[[ Dataset excerpts open ]]
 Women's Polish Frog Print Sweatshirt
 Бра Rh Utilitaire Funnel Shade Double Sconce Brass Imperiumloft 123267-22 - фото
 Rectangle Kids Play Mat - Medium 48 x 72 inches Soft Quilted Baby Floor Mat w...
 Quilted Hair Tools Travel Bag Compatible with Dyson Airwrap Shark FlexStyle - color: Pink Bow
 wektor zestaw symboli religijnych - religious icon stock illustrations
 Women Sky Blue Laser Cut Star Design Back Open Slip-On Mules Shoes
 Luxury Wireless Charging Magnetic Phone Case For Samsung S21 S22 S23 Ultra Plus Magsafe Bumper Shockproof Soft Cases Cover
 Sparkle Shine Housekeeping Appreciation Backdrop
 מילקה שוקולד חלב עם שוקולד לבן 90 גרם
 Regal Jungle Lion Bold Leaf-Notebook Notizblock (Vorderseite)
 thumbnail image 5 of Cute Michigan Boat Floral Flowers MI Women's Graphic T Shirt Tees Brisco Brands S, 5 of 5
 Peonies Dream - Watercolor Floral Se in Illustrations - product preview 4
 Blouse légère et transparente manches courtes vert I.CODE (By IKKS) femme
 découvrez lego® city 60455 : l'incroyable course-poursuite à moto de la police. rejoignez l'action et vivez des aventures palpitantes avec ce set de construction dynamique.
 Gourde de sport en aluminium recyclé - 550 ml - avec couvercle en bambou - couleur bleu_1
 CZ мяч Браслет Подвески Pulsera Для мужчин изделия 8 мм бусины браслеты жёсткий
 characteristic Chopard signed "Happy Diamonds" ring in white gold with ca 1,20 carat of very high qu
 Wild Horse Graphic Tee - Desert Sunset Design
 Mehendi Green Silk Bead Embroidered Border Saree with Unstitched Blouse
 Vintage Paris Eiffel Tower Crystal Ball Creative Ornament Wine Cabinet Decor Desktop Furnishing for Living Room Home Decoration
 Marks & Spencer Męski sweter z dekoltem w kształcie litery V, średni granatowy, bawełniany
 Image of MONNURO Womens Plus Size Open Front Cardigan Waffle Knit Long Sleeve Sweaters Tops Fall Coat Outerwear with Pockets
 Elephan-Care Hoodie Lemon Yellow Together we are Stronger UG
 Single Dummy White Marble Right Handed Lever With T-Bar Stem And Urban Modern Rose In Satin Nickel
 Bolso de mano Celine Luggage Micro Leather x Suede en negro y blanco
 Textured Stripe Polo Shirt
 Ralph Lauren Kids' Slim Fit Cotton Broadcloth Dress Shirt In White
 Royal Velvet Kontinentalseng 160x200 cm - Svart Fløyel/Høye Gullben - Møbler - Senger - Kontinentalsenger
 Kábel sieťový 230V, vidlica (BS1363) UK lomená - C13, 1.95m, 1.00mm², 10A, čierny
[[ Dataset excerpts closed ]]
> [Work instruction]
Looking at the entries above, can you reproduce exactly the lines from the one that holds "CZ мяч Браслет" through the one that holds "Vintage Paris Eiffel", and only those?

> [Answer to the problem]
 CZ мяч Браслет Подвески Pulsera Для мужчин изделия 8 мм бусины браслеты жёсткий
 characteristic Chopard signed "Happy Diamonds" ring in white gold with ca 1,20 carat of very high qu
 Wild Horse Graphic Tee - Desert Sunset Design
 Mehendi Green Silk Bead Embroidered Border Saree with Unstitched Blouse
 Vintage Paris Eiffel Tower Crystal Ball Creative Ornament Wine Cabinet Decor Desktop Furnishing for Living Room Home Decoration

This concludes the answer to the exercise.